How to complete this task -
All entries, exactly as written, should be output again.

Records shown -
_____
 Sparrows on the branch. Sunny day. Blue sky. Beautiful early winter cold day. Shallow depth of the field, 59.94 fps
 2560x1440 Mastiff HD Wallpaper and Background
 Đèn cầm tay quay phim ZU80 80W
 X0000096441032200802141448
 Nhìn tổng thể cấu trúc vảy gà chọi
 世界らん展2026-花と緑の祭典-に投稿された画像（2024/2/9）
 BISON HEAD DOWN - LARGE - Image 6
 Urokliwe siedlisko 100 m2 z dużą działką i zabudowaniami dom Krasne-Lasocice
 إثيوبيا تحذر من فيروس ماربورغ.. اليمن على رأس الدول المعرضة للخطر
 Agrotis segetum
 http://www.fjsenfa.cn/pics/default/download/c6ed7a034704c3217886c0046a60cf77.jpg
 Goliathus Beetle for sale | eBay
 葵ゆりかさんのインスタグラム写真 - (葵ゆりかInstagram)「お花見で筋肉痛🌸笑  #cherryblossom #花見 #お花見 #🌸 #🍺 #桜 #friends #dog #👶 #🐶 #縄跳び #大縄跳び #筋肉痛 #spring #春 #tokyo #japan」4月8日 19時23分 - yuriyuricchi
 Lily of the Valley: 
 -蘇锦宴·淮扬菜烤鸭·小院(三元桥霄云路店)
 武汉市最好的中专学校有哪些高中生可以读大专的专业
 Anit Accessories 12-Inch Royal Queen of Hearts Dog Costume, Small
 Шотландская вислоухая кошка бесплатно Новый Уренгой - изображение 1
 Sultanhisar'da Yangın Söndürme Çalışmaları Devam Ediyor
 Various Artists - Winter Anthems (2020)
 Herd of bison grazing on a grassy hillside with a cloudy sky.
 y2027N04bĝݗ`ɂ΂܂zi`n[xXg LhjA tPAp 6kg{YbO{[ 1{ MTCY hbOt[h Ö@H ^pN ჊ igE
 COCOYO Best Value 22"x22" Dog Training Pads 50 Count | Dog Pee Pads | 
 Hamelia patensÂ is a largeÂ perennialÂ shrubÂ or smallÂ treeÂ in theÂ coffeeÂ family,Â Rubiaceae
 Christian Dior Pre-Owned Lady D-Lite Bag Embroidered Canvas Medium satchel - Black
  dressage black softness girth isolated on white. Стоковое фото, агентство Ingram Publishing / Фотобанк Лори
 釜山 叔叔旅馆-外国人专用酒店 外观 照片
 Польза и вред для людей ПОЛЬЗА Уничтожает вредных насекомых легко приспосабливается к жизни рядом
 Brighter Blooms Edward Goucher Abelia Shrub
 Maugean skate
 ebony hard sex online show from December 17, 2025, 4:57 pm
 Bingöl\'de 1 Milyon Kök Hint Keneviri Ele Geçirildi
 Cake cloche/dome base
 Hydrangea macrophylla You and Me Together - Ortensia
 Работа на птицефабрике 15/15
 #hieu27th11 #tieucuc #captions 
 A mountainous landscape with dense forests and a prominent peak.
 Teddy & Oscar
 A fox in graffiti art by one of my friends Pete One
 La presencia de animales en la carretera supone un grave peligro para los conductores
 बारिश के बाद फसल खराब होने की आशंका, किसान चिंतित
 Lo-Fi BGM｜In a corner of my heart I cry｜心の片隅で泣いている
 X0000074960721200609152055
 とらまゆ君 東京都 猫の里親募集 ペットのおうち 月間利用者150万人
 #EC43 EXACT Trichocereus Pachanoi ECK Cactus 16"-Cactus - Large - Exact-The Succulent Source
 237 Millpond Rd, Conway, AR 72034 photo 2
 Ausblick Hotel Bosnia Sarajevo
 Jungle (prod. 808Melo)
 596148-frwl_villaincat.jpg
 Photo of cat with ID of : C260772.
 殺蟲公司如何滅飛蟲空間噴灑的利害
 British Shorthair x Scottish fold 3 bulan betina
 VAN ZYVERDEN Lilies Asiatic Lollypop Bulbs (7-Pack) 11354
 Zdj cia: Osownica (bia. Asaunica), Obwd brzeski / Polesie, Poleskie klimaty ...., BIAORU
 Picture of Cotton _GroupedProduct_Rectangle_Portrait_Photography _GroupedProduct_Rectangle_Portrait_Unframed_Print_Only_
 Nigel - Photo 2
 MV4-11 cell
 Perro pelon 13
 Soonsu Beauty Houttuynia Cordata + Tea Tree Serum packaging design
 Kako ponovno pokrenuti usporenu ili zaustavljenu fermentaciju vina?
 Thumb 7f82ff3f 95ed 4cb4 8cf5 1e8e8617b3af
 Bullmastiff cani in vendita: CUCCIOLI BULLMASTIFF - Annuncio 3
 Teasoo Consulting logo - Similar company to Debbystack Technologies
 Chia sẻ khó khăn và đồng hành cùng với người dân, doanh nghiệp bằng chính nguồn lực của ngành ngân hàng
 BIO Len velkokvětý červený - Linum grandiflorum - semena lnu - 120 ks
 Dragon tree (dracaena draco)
_____
Result of the task -
 Sparrows on the branch. Sunny day. Blue sky. Beautiful early winter cold day. Shallow depth of the field, 59.94 fps
 2560x1440 Mastiff HD Wallpaper and Background
 Đèn cầm tay quay phim ZU80 80W
 X0000096441032200802141448
 Nhìn tổng thể cấu trúc vảy gà chọi
 世界らん展2026-花と緑の祭典-に投稿された画像（2024/2/9）
 BISON HEAD DOWN - LARGE - Image 6
 Urokliwe siedlisko 100 m2 z dużą działką i zabudowaniami dom Krasne-Lasocice
 إثيوبيا تحذر من فيروس ماربورغ.. اليمن على رأس الدول المعرضة للخطر
 Agrotis segetum
 http://www.fjsenfa.cn/pics/default/download/c6ed7a034704c3217886c0046a60cf77.jpg
 Goliathus Beetle for sale | eBay
 葵ゆりかさんのインスタグラム写真 - (葵ゆりかInstagram)「お花見で筋肉痛🌸笑  #cherryblossom #花見 #お花見 #🌸 #🍺 #桜 #friends #dog #👶 #🐶 #縄跳び #大縄跳び #筋肉痛 #spring #春 #tokyo #japan」4月8日 19時23分 - yuriyuricchi
 Lily of the Valley: 
 -蘇锦宴·淮扬菜烤鸭·小院(三元桥霄云路店)
 武汉市最好的中专学校有哪些高中生可以读大专的专业
 Anit Accessories 12-Inch Royal Queen of Hearts Dog Costume, Small
 Шотландская вислоухая кошка бесплатно Новый Уренгой - изображение 1
 Sultanhisar'da Yangın Söndürme Çalışmaları Devam Ediyor
 Various Artists - Winter Anthems (2020)
 Herd of bison grazing on a grassy hillside with a cloudy sky.
 y2027N04bĝݗ`ɂ΂܂zi`n[xXg LhjA tPAp 6kg{YbO{[ 1{ MTCY hbOt[h Ö@H ^pN ჊ igE
 COCOYO Best Value 22"x22" Dog Training Pads 50 Count | Dog Pee Pads | 
 Hamelia patensÂ is a largeÂ perennialÂ shrubÂ or smallÂ treeÂ in theÂ coffeeÂ family,Â Rubiaceae
 Christian Dior Pre-Owned Lady D-Lite Bag Embroidered Canvas Medium satchel - Black
  dressage black softness girth isolated on white. Стоковое фото, агентство Ingram Publishing / Фотобанк Лори
 釜山 叔叔旅馆-外国人专用酒店 外观 照片
 Польза и вред для людей ПОЛЬЗА Уничтожает вредных насекомых легко приспосабливается к жизни рядом
 Brighter Blooms Edward Goucher Abelia Shrub
 Maugean skate
 ebony hard sex online show from December 17, 2025, 4:57 pm
 Bingöl\'de 1 Milyon Kök Hint Keneviri Ele Geçirildi
 Cake cloche/dome base
 Hydrangea macrophylla You and Me Together - Ortensia
 Работа на птицефабрике 15/15
 #hieu27th11 #tieucuc #captions 
 A mountainous landscape with dense forests and a prominent peak.
 Teddy & Oscar
 A fox in graffiti art by one of my friends Pete One
 La presencia de animales en la carretera supone un grave peligro para los conductores
 बारिश के बाद फसल खराब होने की आशंका, किसान चिंतित
 Lo-Fi BGM｜In a corner of my heart I cry｜心の片隅で泣いている
 X0000074960721200609152055
 とらまゆ君 東京都 猫の里親募集 ペットのおうち 月間利用者150万人
 #EC43 EXACT Trichocereus Pachanoi ECK Cactus 16"-Cactus - Large - Exact-The Succulent Source
 237 Millpond Rd, Conway, AR 72034 photo 2
 Ausblick Hotel Bosnia Sarajevo
 Jungle (prod. 808Melo)
 596148-frwl_villaincat.jpg
 Photo of cat with ID of : C260772.
 殺蟲公司如何滅飛蟲空間噴灑的利害
 British Shorthair x Scottish fold 3 bulan betina
 VAN ZYVERDEN Lilies Asiatic Lollypop Bulbs (7-Pack) 11354
 Zdj cia: Osownica (bia. Asaunica), Obwd brzeski / Polesie, Poleskie klimaty ...., BIAORU
 Picture of Cotton _GroupedProduct_Rectangle_Portrait_Photography _GroupedProduct_Rectangle_Portrait_Unframed_Print_Only_
 Nigel - Photo 2
 MV4-11 cell
 Perro pelon 13
 Soonsu Beauty Houttuynia Cordata + Tea Tree Serum packaging design
 Kako ponovno pokrenuti usporenu ili zaustavljenu fermentaciju vina?
 Thumb 7f82ff3f 95ed 4cb4 8cf5 1e8e8617b3af
 Bullmastiff cani in vendita: CUCCIOLI BULLMASTIFF - Annuncio 3
 Teasoo Consulting logo - Similar company to Debbystack Technologies
 Chia sẻ khó khăn và đồng hành cùng với người dân, doanh nghiệp bằng chính nguồn lực của ngành ngân hàng
 BIO Len velkokvětý červený - Linum grandiflorum - semena lnu - 120 ks
 Dragon tree (dracaena draco)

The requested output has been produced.